- ENTRIES SUPPLIED -
○ ○ ○

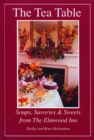 The Tea Table : Soups, Savories & Sweets from The Elmwood Inn - Book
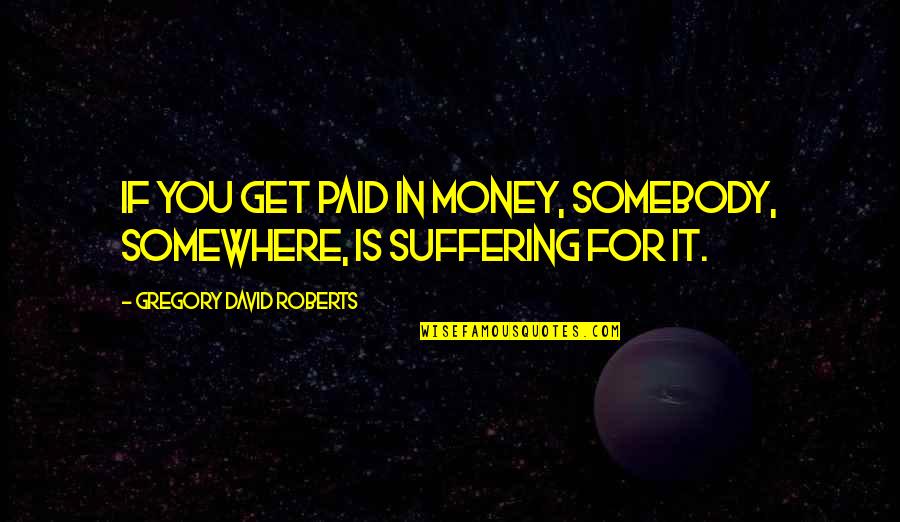 Magic In A Midsummer Night's Dream Quotes By Gregory David Roberts: If you get paid in money, somebody, somewhere,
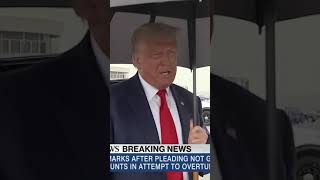 Trump gives statement after pleading not guilty during arraignment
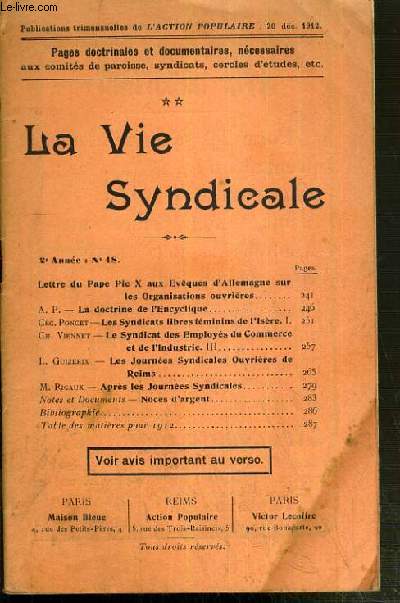 LA VIE SYNDICALE - 2me ANNEE - N18 / lettre du pape PIE X aux eveques d'allemagne sur les organisations ouvrieres - A. P. la doctrine de l'encyclique - CEC. PONCET, les syndicats libres feminins de l'Isere - CH. BIENNET, le syndicat des employes du...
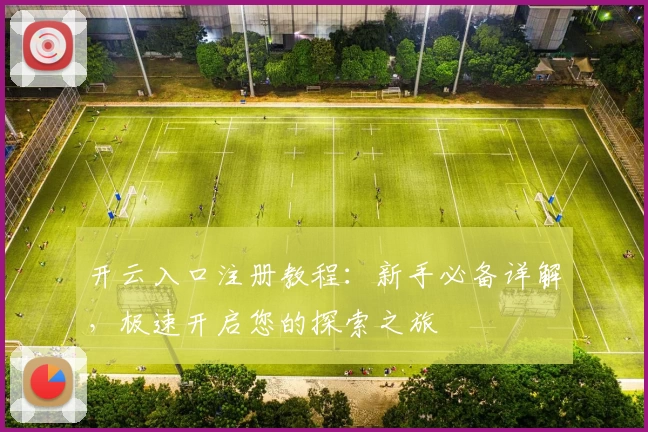 开云入口注册教程：新手必备详解，极速开启您的探索之旅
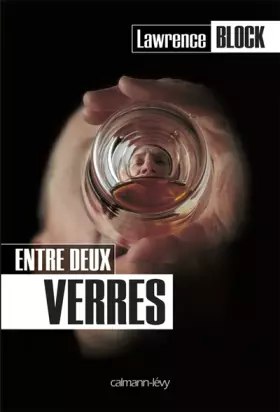 Couverture du produit · Entre deux verres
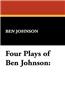 Four Plays of Ben Jonson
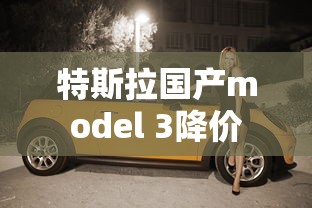 特斯拉国产model 3降价  第1张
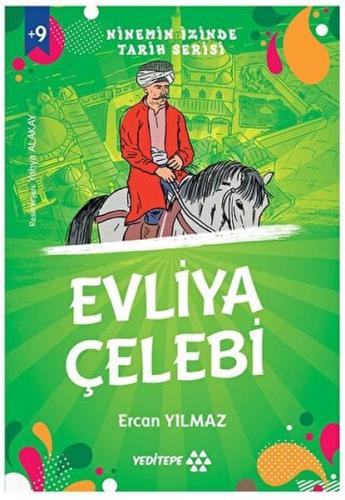 Ninemin İzinde Tarih Serisi - Evliya Çelebi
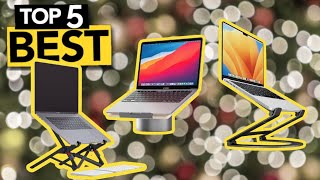 TOP 5 Best Laptop Stands  2024 Buyers Guide [upl. by Anaile312]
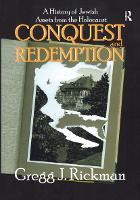 Conquest and Redemption: A History of Jewish Assets from the Holocaust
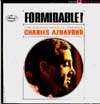 Cover: Charles Aznavour - Formidable  <br>The Exciting Voice Of France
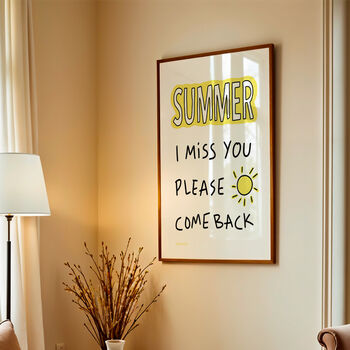 Summer I Miss You, Please Come Back Print, 3 of 8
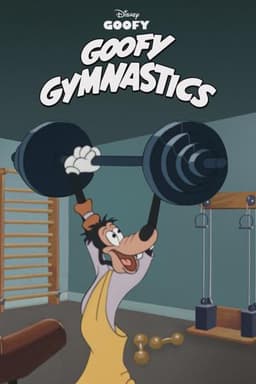 Goofy Gymnastics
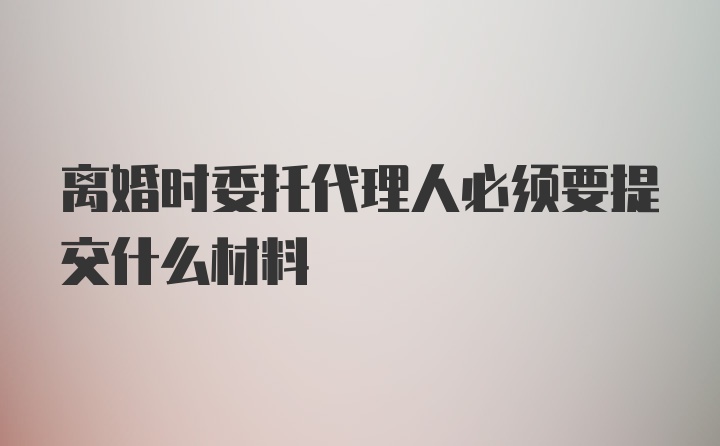 离婚时委托代理人必须要提交什么材料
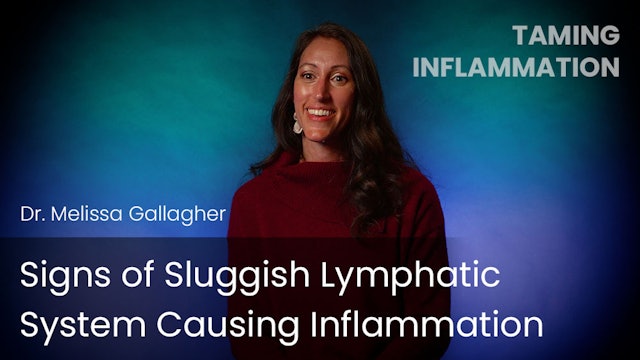 Signs of Sluggish Lymphatic System Causing Inflammation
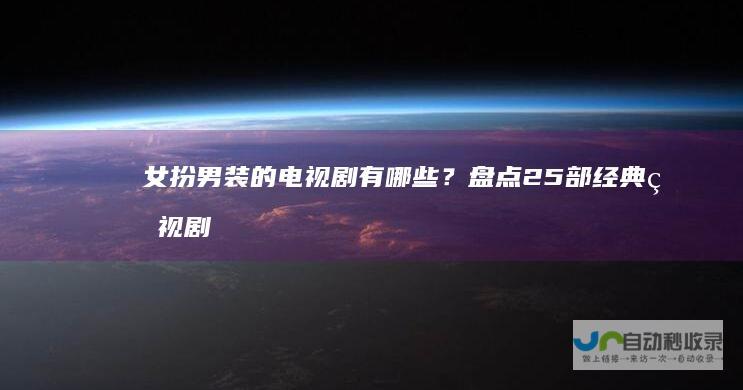女扮男装的电视剧有哪些？盘点25部经典电视剧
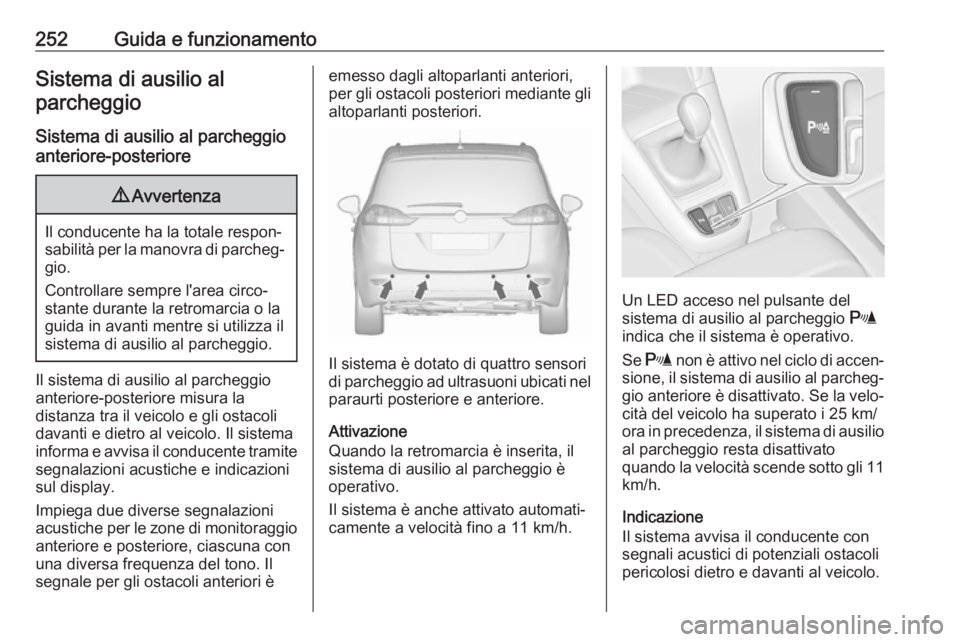 OPEL ZAFIRA C 2018.5 Manuale di uso e manutenzione (in Italian) 252Guida e funzionamentoSistema di ausilio alparcheggio
Sistema di ausilio al parcheggio
anteriore-posteriore9 Avvertenza
Il conducente ha la totale respon‐
sabilità per la manovra di parcheg‐ gi OPEL ZAFIRA C 2018.5 Manuale di uso e manutenzione (in Italian) 252Guida e funzionamentoSistema di ausilio alparcheggio
Sistema di ausilio al parcheggio
anteriore-posteriore9 Avvertenza
Il conducente ha la totale respon‐
sabilità per la manovra di parcheg‐ gi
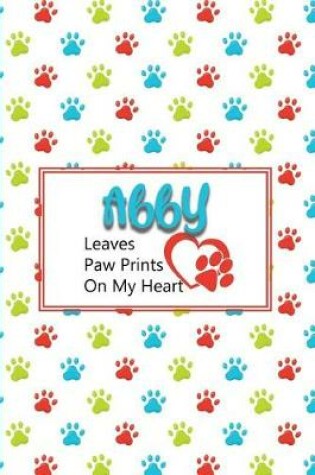 Cover of Abby Leaves Paw Prints on My Heart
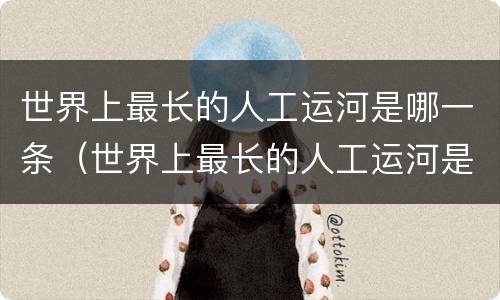 世界上最长的人工运河是哪一条（世界上最长的人工运河是什么运河）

○ ○ ○

- THE PROBLEM -
Each record should be quoted exactly, with the images omitted.

- ANSWER SECTION -
 The Tea Table : Soups, Savories & Sweets from The Elmwood Inn - Book
 Magic In A Midsummer Night's Dream Quotes By Gregory David Roberts: If you get paid in money, somebody, somewhere,
 Trump gives statement after pleading not guilty during arraignment
 LA VIE SYNDICALE - 2me ANNEE - N18 / lettre du pape PIE X aux eveques d'allemagne sur les organisations ouvrieres - A. P. la doctrine de l'encyclique - CEC. PONCET, les syndicats libres feminins de l'Isere - CH. BIENNET, le syndicat des employes du...
 开云入口注册教程：新手必备详解，极速开启您的探索之旅
 Couverture du produit · Entre deux verres
 Four Plays of Ben Jonson
 特斯拉国产model 3降价  第1张
 Ninemin İzinde Tarih Serisi - Evliya Çelebi
 TOP 5 Best Laptop Stands  2024 Buyers Guide [upl. by Anaile312]
 Conquest and Redemption: A History of Jewish Assets from the Holocaust
 Cover: Charles Aznavour - Formidable  <br>The Exciting Voice Of France
 Summer I Miss You, Please Come Back Print, 3 of 8
 Goofy Gymnastics
 离婚时委托代理人必须要提交什么材料
 Signs of Sluggish Lymphatic System Causing Inflammation
女扮男装的电视剧有哪些？盘点25部经典电视剧
 OPEL ZAFIRA C 2018.5 Manuale di uso e manutenzione (in Italian) 252Guida e funzionamentoSistema di ausilio alparcheggio
Sistema di ausilio al parcheggio
anteriore-posteriore9 Avvertenza
Il conducente ha la totale respon‐
sabilità per la manovra di parcheg‐ gi OPEL ZAFIRA C 2018.5 Manuale di uso e manutenzione (in Italian) 252Guida e funzionamentoSistema di ausilio alparcheggio
Sistema di ausilio al parcheggio
anteriore-posteriore9 Avvertenza
Il conducente ha la totale respon‐
sabilità per la manovra di parcheg‐ gi
 Cover of Abby Leaves Paw Prints on My Heart
 世界上最长的人工运河是哪一条（世界上最长的人工运河是什么运河）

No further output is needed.